Without any pictures, reproduce exactly the lines running from the line containing "Russian Flavor Mixed" through the end of the entries.

Image-caption web data -
○ ○ ○ ○ ○ ○ ○

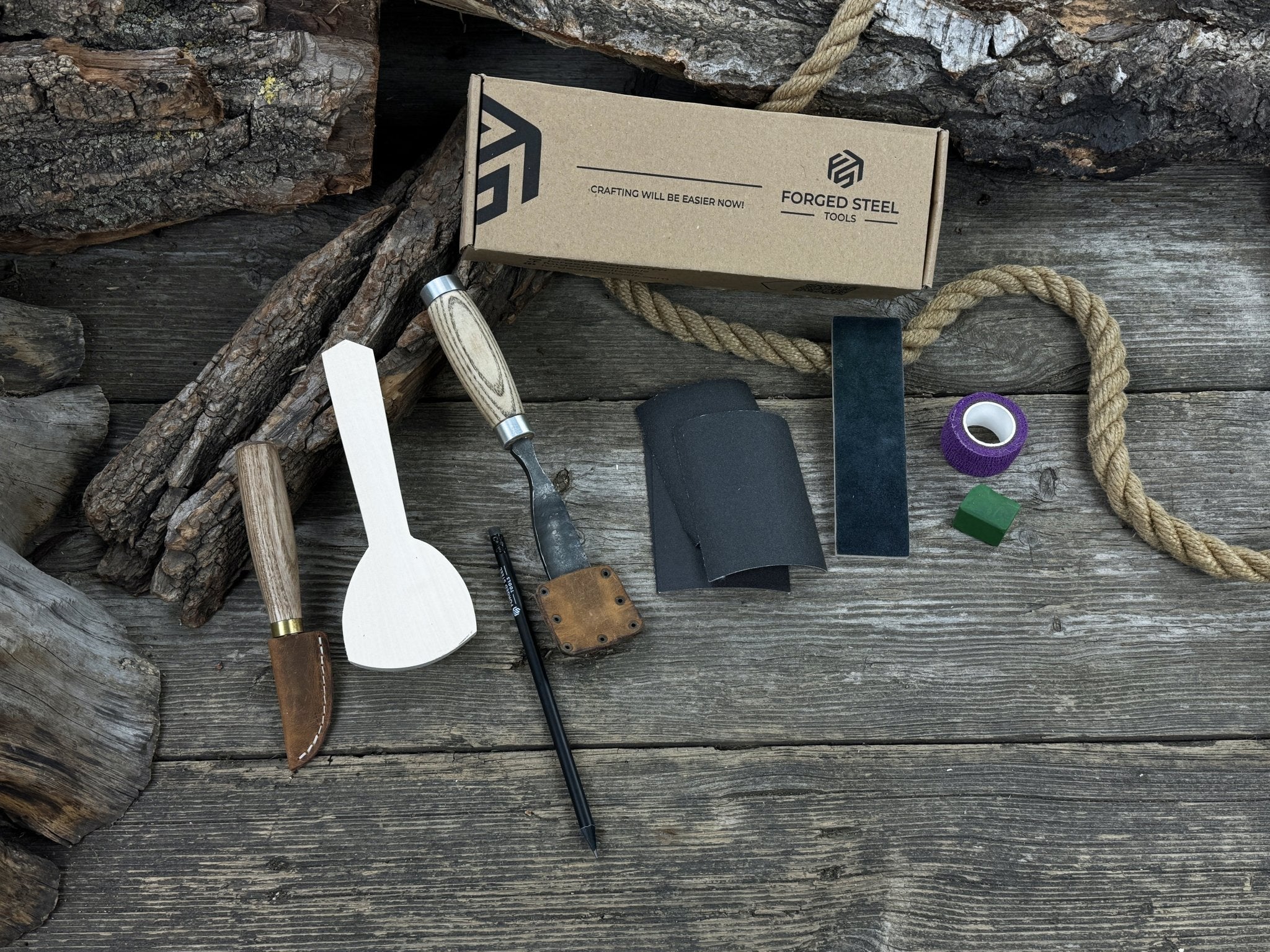Spoon Carving Kit – All - in - One Whittling Starter Set for Beginners, Adults & Kids - 5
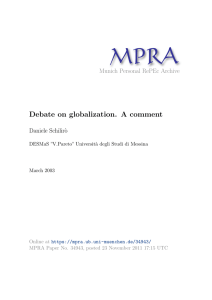 Debate on globalization. A comment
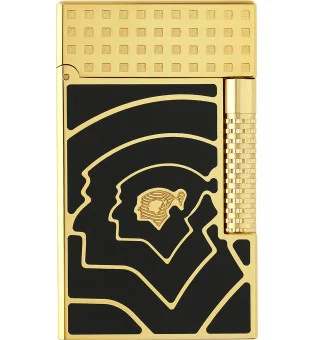 S.T. Dupont Le Grand Lighter Cohiba 60 nero e oro C23472CL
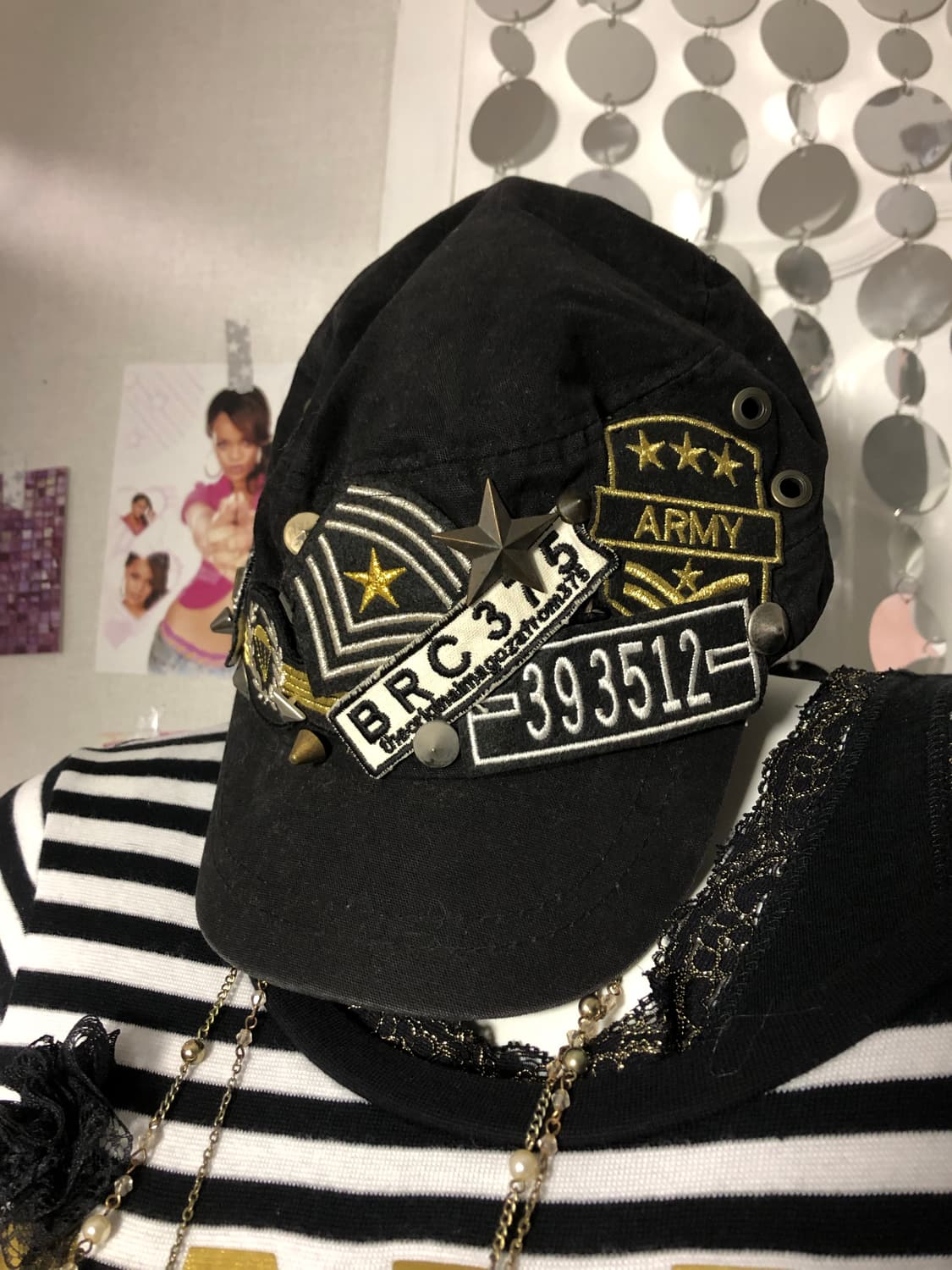 Black y2k cubic cap 상품이미지1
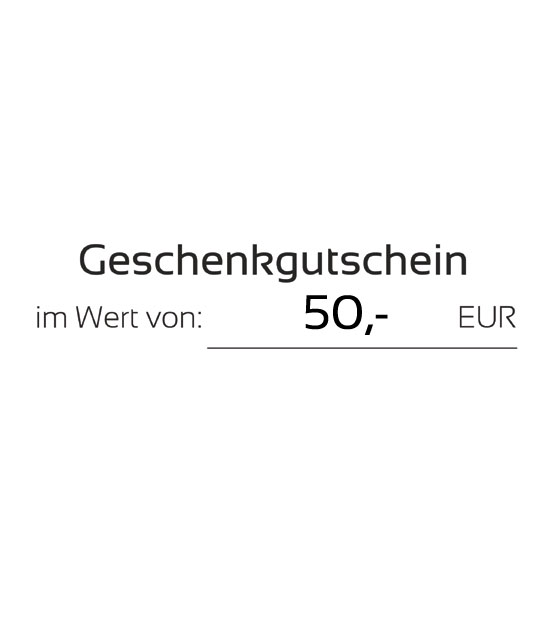 Kunst verschenken: Gutschein in Höhe von 50,- EUR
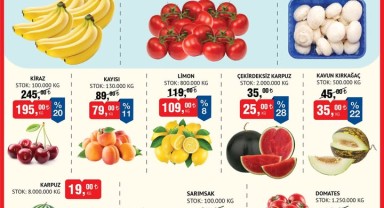 BİM'den Taptaze Meyve ve Sebzelerde Kaçırılmayacak Fırsatlar: 19-22 Haziran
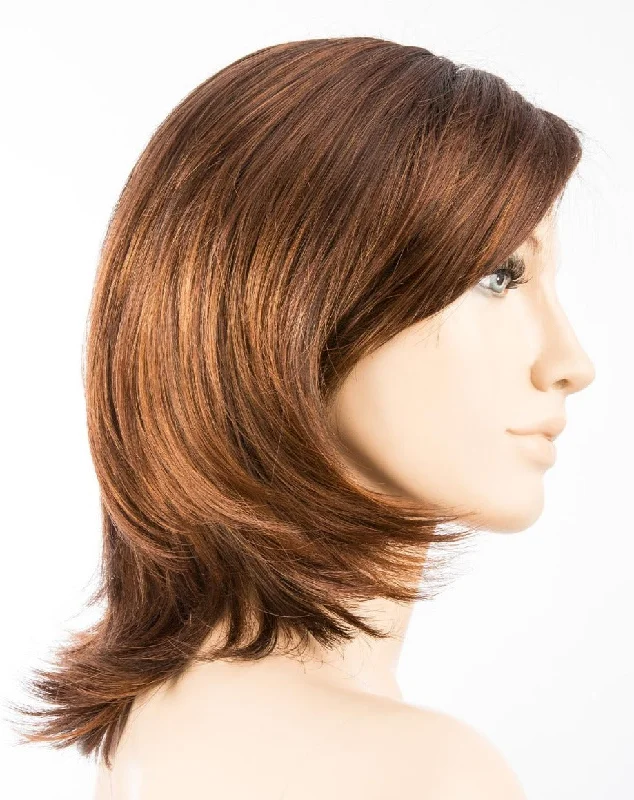Red Vino Shaded | Dark Auburn blended with Light Auburn and Copper Red highlights with Dark Roots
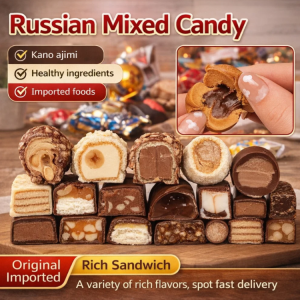 Russian Flavor Mixed Chocolate Candy Gift Set Toffee Candy Milk Caramels Sugar Casual Delicious Healthy Snacks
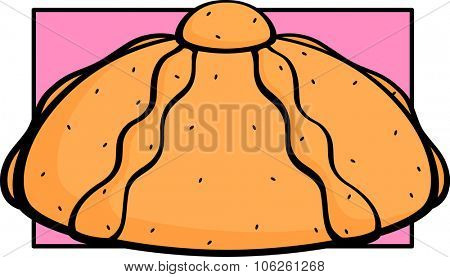 traditional mexican pan de muerto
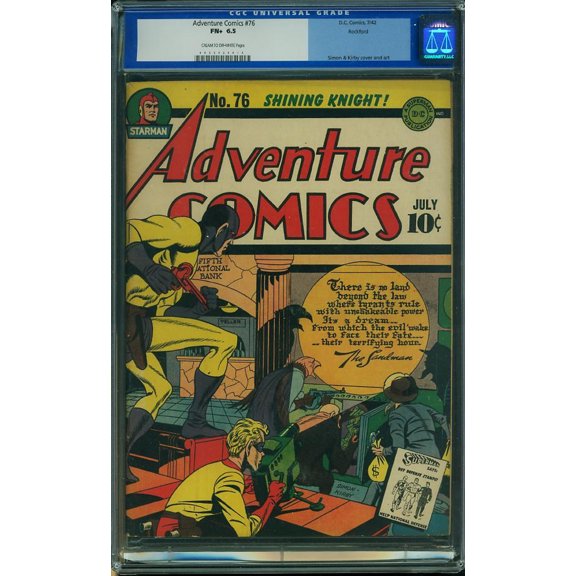 Adventure Comics #76 - CGC 6.5 Comic Book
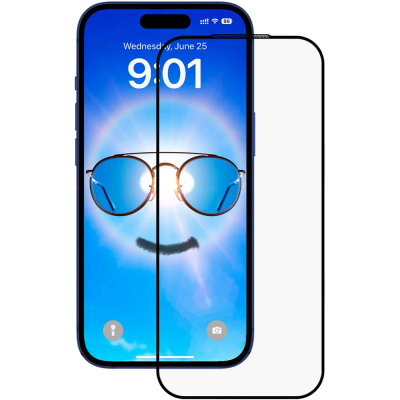 Защитное стекло Anank для iPhone 16 Pro, 17 Антибликовое (Защитное стекло Чёрный)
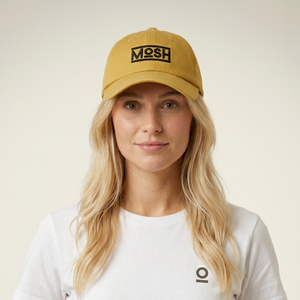Mosh Lola khaki 3D logo embroidery black 
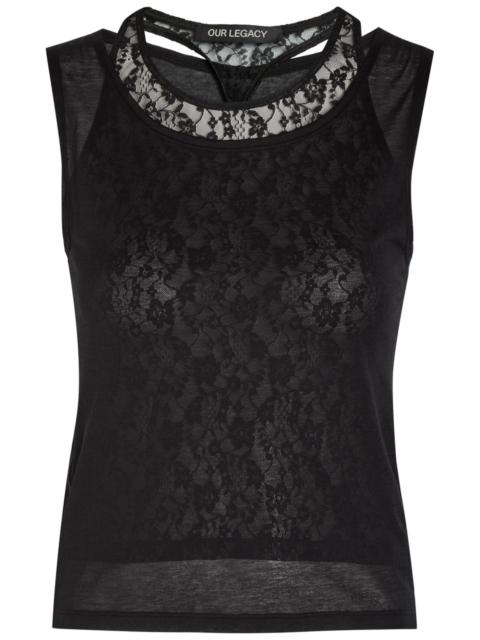 Our Legacy Swim Layered-effect Cotton-blend Tank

○ ○ ○ ○ ○ ○ ○

COMPLETED TASK -
 Russian Flavor Mixed Chocolate Candy Gift Set Toffee Candy Milk Caramels Sugar Casual Delicious Healthy Snacks
 traditional mexican pan de muerto
 Adventure Comics #76 - CGC 6.5 Comic Book
 Защитное стекло Anank для iPhone 16 Pro, 17 Антибликовое (Защитное стекло Чёрный)
Mosh Lola khaki 3D logo embroidery black 
 Our Legacy Swim Layered-effect Cotton-blend Tank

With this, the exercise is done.